> _Exercise goal_: From the entries below, retype only the lines from the one with "Used 2023 Audi" through the one with "[2019 WCS FALL]", exactly as written.

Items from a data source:
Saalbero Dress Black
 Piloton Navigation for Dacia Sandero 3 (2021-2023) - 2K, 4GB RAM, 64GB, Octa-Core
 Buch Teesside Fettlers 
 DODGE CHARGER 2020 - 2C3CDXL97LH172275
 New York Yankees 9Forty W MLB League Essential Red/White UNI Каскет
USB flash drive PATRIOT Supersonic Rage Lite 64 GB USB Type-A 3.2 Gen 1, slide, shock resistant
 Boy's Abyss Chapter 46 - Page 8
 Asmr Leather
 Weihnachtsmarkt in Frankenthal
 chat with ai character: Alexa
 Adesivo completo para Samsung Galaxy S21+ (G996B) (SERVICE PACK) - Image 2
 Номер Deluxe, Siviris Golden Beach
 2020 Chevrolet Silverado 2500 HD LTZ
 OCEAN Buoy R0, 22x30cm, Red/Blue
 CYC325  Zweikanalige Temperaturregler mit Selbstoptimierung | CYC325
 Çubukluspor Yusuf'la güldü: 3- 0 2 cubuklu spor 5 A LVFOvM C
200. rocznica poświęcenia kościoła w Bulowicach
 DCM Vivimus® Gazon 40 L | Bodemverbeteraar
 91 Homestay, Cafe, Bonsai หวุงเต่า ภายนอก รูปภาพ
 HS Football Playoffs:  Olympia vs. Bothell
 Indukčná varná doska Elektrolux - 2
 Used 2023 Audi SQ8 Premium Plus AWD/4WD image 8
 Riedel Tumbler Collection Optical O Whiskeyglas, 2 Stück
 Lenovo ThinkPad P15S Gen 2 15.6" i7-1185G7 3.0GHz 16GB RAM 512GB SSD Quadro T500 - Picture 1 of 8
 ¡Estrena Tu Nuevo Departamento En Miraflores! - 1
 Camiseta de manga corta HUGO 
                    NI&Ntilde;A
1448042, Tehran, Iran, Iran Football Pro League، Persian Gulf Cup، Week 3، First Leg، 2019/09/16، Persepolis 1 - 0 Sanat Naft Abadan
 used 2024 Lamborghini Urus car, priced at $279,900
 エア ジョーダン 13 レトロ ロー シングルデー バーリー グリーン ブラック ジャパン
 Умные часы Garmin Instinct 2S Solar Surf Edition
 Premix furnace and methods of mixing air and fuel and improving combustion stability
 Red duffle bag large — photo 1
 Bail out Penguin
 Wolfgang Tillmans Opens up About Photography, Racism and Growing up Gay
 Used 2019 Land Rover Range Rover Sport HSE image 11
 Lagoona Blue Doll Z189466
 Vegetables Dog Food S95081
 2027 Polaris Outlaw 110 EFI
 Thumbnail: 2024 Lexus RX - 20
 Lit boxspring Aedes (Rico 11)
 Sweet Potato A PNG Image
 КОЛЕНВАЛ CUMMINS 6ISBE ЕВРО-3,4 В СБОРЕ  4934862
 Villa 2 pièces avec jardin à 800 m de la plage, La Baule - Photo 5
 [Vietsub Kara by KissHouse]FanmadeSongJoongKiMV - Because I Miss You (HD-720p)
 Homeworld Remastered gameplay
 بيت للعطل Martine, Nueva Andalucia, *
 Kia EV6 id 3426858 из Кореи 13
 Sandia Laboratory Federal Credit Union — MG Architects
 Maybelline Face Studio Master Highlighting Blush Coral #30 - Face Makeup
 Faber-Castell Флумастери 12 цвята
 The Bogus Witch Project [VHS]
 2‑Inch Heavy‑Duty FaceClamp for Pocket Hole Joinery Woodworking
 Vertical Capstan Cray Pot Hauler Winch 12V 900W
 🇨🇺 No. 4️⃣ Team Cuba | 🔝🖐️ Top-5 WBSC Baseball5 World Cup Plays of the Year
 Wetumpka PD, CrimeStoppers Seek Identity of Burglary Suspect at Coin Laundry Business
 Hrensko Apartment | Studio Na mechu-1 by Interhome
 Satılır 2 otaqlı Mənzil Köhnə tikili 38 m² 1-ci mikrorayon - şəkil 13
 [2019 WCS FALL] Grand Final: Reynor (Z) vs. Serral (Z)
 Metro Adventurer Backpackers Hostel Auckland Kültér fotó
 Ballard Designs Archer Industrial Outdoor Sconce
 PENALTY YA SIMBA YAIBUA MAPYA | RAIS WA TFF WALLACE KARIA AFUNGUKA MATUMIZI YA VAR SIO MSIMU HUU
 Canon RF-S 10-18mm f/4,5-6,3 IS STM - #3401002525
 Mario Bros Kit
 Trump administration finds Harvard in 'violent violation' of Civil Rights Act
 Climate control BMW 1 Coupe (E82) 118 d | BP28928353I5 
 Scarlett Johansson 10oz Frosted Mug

> _Exercise answer_:
 Used 2023 Audi SQ8 Premium Plus AWD/4WD image 8
 Riedel Tumbler Collection Optical O Whiskeyglas, 2 Stück
 Lenovo ThinkPad P15S Gen 2 15.6" i7-1185G7 3.0GHz 16GB RAM 512GB SSD Quadro T500 - Picture 1 of 8
 ¡Estrena Tu Nuevo Departamento En Miraflores! - 1
 Camiseta de manga corta HUGO 
                    NI&Ntilde;A
1448042, Tehran, Iran, Iran Football Pro League، Persian Gulf Cup، Week 3، First Leg، 2019/09/16، Persepolis 1 - 0 Sanat Naft Abadan
 used 2024 Lamborghini Urus car, priced at $279,900
 エア ジョーダン 13 レトロ ロー シングルデー バーリー グリーン ブラック ジャパン
 Умные часы Garmin Instinct 2S Solar Surf Edition
 Premix furnace and methods of mixing air and fuel and improving combustion stability
 Red duffle bag large — photo 1
 Bail out Penguin
 Wolfgang Tillmans Opens up About Photography, Racism and Growing up Gay
 Used 2019 Land Rover Range Rover Sport HSE image 11
 Lagoona Blue Doll Z189466
 Vegetables Dog Food S95081
 2027 Polaris Outlaw 110 EFI
 Thumbnail: 2024 Lexus RX - 20
 Lit boxspring Aedes (Rico 11)
 Sweet Potato A PNG Image
 КОЛЕНВАЛ CUMMINS 6ISBE ЕВРО-3,4 В СБОРЕ  4934862
 Villa 2 pièces avec jardin à 800 m de la plage, La Baule - Photo 5
 [Vietsub Kara by KissHouse]FanmadeSongJoongKiMV - Because I Miss You (HD-720p)
 Homeworld Remastered gameplay
 بيت للعطل Martine, Nueva Andalucia, *
 Kia EV6 id 3426858 из Кореи 13
 Sandia Laboratory Federal Credit Union — MG Architects
 Maybelline Face Studio Master Highlighting Blush Coral #30 - Face Makeup
 Faber-Castell Флумастери 12 цвята
 The Bogus Witch Project [VHS]
 2‑Inch Heavy‑Duty FaceClamp for Pocket Hole Joinery Woodworking
 Vertical Capstan Cray Pot Hauler Winch 12V 900W
 🇨🇺 No. 4️⃣ Team Cuba | 🔝🖐️ Top-5 WBSC Baseball5 World Cup Plays of the Year
 Wetumpka PD, CrimeStoppers Seek Identity of Burglary Suspect at Coin Laundry Business
 Hrensko Apartment | Studio Na mechu-1 by Interhome
 Satılır 2 otaqlı Mənzil Köhnə tikili 38 m² 1-ci mikrorayon - şəkil 13
 [2019 WCS FALL] Grand Final: Reynor (Z) vs. Serral (Z)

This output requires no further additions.